Yieldstreet logo at the beginning of the Yieldstreet review. This Yieldstreet review was updated on 01/01/2024.


Yieldstreet empowers ordinary investors to diversify into high-yielding asset classes once reserved for the wealthy and institutional investors. 

Marine finance, commercial real estate, legal finance, supply chain finance, and private business credit aren’t new types of investments, but they are relatively new to retail investors. 

Yieldstreet’s team has developed an innovative platform that brings these assets to the masses. 

Retail investors have a shot at consistent and transparent returns above 10% to build wealth and passive income without stocks or cryptos. 
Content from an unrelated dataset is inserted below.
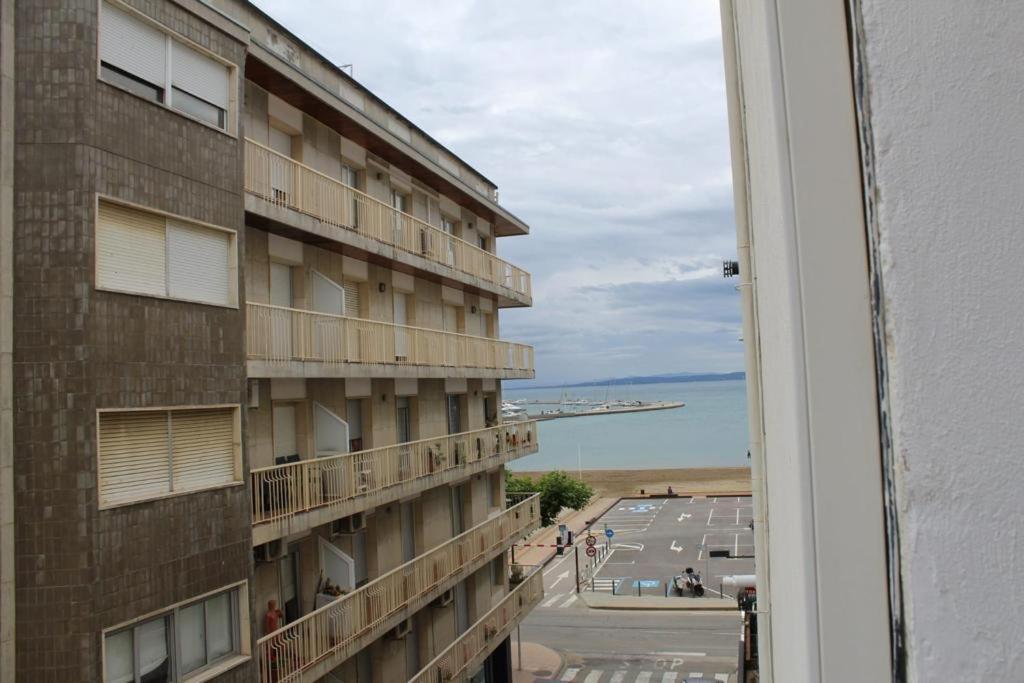 Apartaments Oller Centro Roses Esterno foto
Yieldstreet is well-established, boasting more than 320,000 members and more than $2.7 billion invested on the platform to date. It has raised more than $325 million in venture capital since 2015, including a $100 million Series C in June 2021.
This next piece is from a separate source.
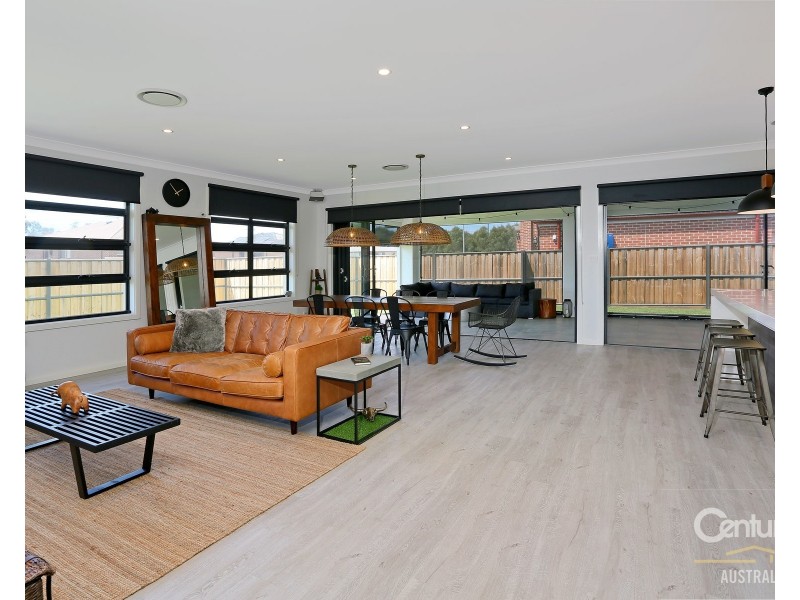 17 Jack Peel Circuit, Kellyville NSW 2155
While some fintech platforms fall out of favor over time, Yieldstreet continues to grow, raising private funds, expanding products, and attracting new customers. 
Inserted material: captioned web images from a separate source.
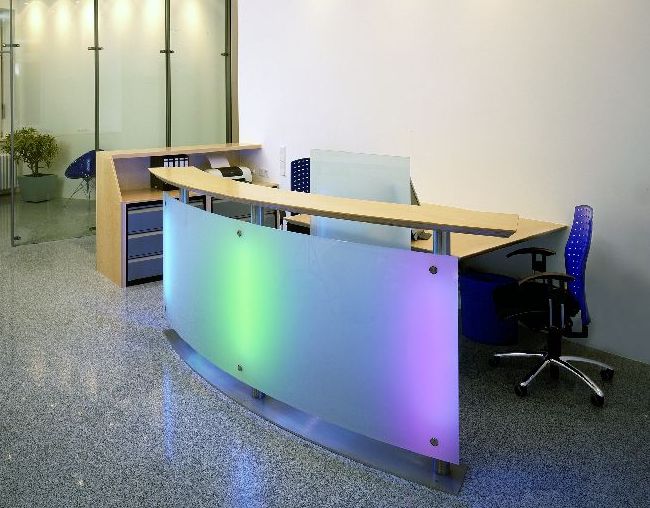 Beleuchtung einer Milchglasscheibe an einem Counter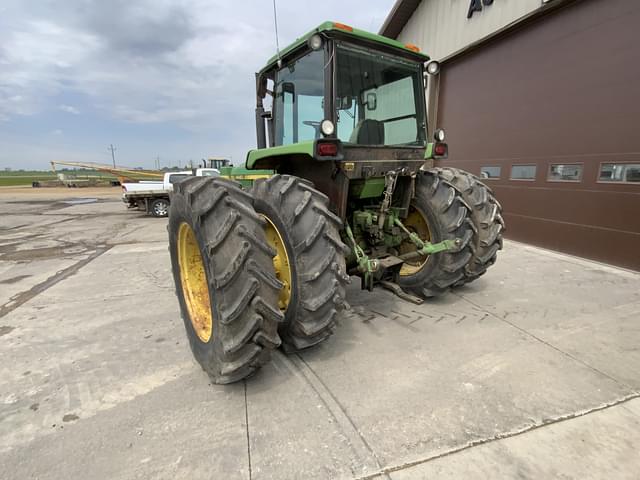 Image of John Deere 4440 equipment image 2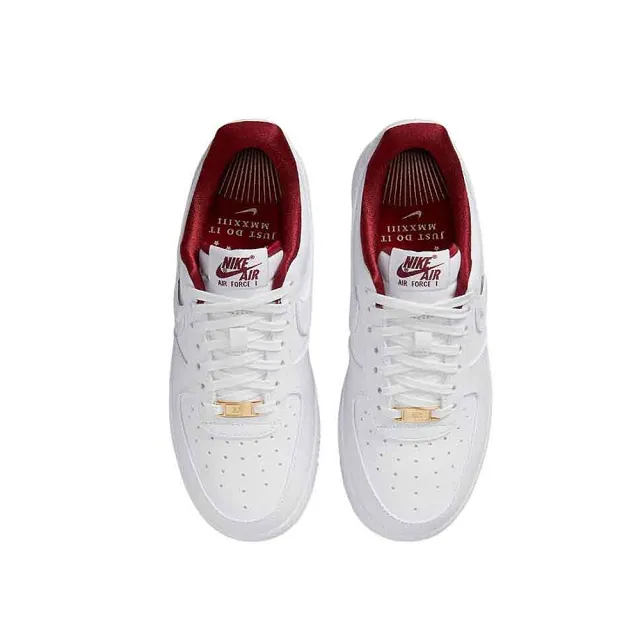 NIKE 耐吉 NIKE AIR FORCE 1 07 SE 白色 AF1 吊飾 女鞋(DV7584-100)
As the company grows, it’s expanding the boundaries of investable asset classes available to retail investors.

Yieldstreet Review 2024 Highlights

  • Investment options for accredited (millionaires) and non-accredited investors (everyone else)
  • Multiple asset classes for diversified alternative investing under one platform
  • Returns with low correlation to the stock market, meaning they tend to be largely unaffected whether the stock market is rising or falling
  • $2500 minimum investment for the Prism Fund (the non-accredited investor option)

What is Yieldstreet?

Yieldstreet is a diversified alternative investment platform that offers a wide range of investments.

Alternative investments are generally considered to be any investments made in asset classes other than stocks, bonds, and cash.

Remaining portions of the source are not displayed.